Choreographers – Xioa Chao Wen and Xin Ji 

This was much more dramatic and definitely gloomier. A lighting gantry hung low over a dark set. A bolt of lightning is accompanied by a roll of thunder. We see a body lying centre stage. 

This is a dystopian piece, with a very sci-fi vibe. The movements of the dancers are robotic, co-ordinated, almost manic. What unfolds is a masterful tale of uniformity, suffocation, and a desire to fit in. One lone holdout eventually gets caught up in this stark clinical world. But do they remain? 
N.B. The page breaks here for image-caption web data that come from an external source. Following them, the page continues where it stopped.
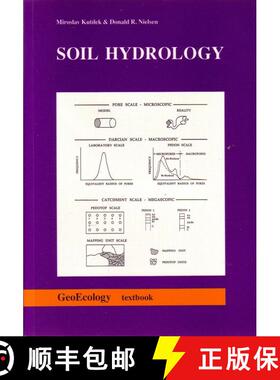 预订 Soil Hydrology [9783923381265]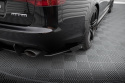 Rear Side Flaps Audi Rs6 Avant C6 Maxton Design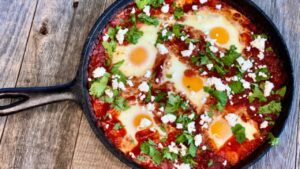 Shakshuka For Weight Loss: Nutrition & Calories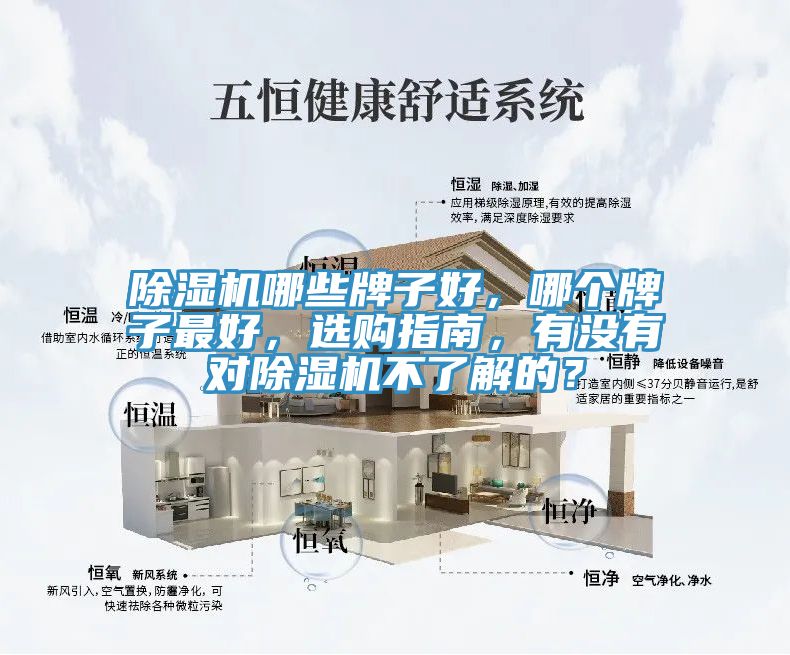 除濕機(jī)哪些牌子好，哪個(gè)牌子最好，選購指南，有沒有對除濕機(jī)不了解的？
Made in Them is a superb and exciting piece, replete with energetic industrial music and sparse set. The costumes are uniforms with black impenetrable helmets that take individuality and identity away. Themes of exploitation and violence run throughout it, and there is a cult like tribalism on display, but also, there is a sense of restlessness among the characters that hints at rebellion and a desire for freedom. As with LittleBits and AddOns, the choreography was excellent, and the dancers magnificent. 

With both of these works the New Zealand Dance Company has brought together seasoned performers and expert choreographers to deliver an exciting and enthralling night of dance theatre.